Problem description = Could you print exactly the lines of the listing below, starting at the line that has "Private kitchen - Elpis'" and ending at the line that has "Nouvelle collection de", and only those lines?

Data =

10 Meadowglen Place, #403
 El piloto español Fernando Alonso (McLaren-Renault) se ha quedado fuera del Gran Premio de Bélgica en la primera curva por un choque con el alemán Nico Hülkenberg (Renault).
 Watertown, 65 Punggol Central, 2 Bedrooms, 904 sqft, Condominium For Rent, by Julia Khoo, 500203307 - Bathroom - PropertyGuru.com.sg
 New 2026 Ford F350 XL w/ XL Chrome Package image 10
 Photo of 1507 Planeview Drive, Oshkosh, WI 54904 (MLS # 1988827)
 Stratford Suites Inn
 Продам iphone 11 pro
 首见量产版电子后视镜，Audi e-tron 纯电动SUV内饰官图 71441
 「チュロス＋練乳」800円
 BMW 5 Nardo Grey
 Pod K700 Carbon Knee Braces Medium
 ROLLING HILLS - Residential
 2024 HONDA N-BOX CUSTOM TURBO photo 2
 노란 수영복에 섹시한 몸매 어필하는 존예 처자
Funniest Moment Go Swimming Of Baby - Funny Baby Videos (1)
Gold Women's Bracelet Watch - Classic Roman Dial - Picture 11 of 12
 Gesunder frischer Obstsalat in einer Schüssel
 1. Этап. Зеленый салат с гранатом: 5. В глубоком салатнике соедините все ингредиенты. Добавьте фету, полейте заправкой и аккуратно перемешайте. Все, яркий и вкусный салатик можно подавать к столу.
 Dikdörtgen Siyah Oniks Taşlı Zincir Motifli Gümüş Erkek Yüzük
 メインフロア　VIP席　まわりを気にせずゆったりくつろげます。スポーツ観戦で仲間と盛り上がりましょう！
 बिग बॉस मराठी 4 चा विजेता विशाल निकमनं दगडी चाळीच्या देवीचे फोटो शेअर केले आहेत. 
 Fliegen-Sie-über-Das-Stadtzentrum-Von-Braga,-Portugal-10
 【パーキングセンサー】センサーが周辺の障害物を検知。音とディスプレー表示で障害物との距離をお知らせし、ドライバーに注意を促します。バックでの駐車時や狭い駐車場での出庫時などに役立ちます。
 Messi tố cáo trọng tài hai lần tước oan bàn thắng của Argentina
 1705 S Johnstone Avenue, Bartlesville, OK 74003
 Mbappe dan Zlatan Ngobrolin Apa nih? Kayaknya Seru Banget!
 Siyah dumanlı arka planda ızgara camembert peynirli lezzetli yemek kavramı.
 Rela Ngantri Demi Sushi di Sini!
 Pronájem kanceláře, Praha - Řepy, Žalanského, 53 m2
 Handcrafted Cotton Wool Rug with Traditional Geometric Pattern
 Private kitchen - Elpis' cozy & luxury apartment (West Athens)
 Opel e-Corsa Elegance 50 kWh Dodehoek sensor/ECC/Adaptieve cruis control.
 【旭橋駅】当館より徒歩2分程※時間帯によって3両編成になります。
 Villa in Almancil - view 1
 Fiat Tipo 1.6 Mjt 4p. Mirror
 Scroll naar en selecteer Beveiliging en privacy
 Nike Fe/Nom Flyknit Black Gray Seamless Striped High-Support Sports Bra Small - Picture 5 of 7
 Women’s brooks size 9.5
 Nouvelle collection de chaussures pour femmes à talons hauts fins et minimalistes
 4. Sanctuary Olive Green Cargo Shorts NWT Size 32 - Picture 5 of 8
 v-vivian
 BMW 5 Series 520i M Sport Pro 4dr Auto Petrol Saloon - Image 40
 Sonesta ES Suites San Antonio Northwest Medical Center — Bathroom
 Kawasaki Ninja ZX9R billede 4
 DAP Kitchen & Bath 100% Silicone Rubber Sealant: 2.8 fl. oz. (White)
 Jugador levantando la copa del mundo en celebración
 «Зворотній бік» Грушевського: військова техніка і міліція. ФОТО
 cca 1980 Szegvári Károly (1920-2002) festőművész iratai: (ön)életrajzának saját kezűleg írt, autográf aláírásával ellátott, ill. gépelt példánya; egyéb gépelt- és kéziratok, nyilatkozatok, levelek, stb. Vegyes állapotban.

Task response =
 Private kitchen - Elpis' cozy & luxury apartment (West Athens)
 Opel e-Corsa Elegance 50 kWh Dodehoek sensor/ECC/Adaptieve cruis control.
 【旭橋駅】当館より徒歩2分程※時間帯によって3両編成になります。
 Villa in Almancil - view 1
 Fiat Tipo 1.6 Mjt 4p. Mirror
 Scroll naar en selecteer Beveiliging en privacy
 Nike Fe/Nom Flyknit Black Gray Seamless Striped High-Support Sports Bra Small - Picture 5 of 7
 Women’s brooks size 9.5
 Nouvelle collection de chaussures pour femmes à talons hauts fins et minimalistes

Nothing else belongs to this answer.